The remainder of my tour in Vietnam involved briefing troops about the dangers of search and destroy missions and running my gambling hall. All of the brass knew what I was doing was wrong, but they seemed to condone it because it helped with morale.
(LIFE AFTER TRAUMATIC EVENT Section)
I didn’t realize it right away, however, after a year or two from discharging from the Army, it became apparent that my time in uniform and in Vietnam changed how I saw the world. When I was in Vietnam my senses operated at maximum capacity and effectiveness. I was always on guard. My family and friends tell me that I still act like I am in Vietnam. When we go out to eat I only sit in restaurants with my back to the wall. If I can’t see everything in front of me, then I don’t eat there. If a restaurant is crowded, I will not eat there. I can’t stand the crowds, they make me want to fight somebody.
Also, every now and then I will have nightmares about Vietnam crap. Not the firefight I was involved in, but general war scenes. Especially the faces of NVA soldiers.
My family and friends tell me that I seem cold and distant. They tell me all the time that I act like I’m afraid to get close to people. My three ex-wives used to tell me all the time that I was incapable of deep feelings toward them.
Every boss I ever had reminded me of those drill sergeants in basic training. They all yelled at me, treated with disrespect, tried to boss me around, and most seemed incompetent. When I worked as a butcher at a local supermarket, one boss fired me because I ran a football parlay. I made lots of money running that parlay and morale was never higher at the supermarket. But he didn’t see it that way. For whatever reason, I have never been able to hold down a legitimate job for more than a year. Since discharging from the army I have had over 50 jobs.
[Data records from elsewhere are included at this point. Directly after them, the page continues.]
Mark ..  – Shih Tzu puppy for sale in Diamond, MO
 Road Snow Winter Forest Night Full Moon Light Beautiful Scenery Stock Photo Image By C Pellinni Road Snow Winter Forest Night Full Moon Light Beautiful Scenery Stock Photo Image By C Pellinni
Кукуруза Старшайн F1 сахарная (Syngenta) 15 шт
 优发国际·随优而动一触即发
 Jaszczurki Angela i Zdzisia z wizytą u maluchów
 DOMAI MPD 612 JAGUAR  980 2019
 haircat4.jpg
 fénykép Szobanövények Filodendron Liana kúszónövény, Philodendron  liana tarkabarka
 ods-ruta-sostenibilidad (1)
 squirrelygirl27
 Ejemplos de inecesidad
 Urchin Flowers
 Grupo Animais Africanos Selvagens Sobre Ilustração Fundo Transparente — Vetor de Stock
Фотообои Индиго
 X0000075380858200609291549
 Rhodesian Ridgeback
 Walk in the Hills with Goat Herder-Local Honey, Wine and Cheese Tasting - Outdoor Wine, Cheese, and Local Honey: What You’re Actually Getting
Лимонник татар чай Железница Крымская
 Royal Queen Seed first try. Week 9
Lastly, my life after Vietnam has been so screwed up that I get really down sometimes. I have been known to stay in bed for weeks. Too tired to move and too angry to try. I look like I have anorexia nervosa because I have lost close to a hundred pounds. I don’t eat much anymore. I just don’t seem to be hungry anymore. I am not entirely sure what happened to me in Vietnam, but I am sure something affected me that altered my potential.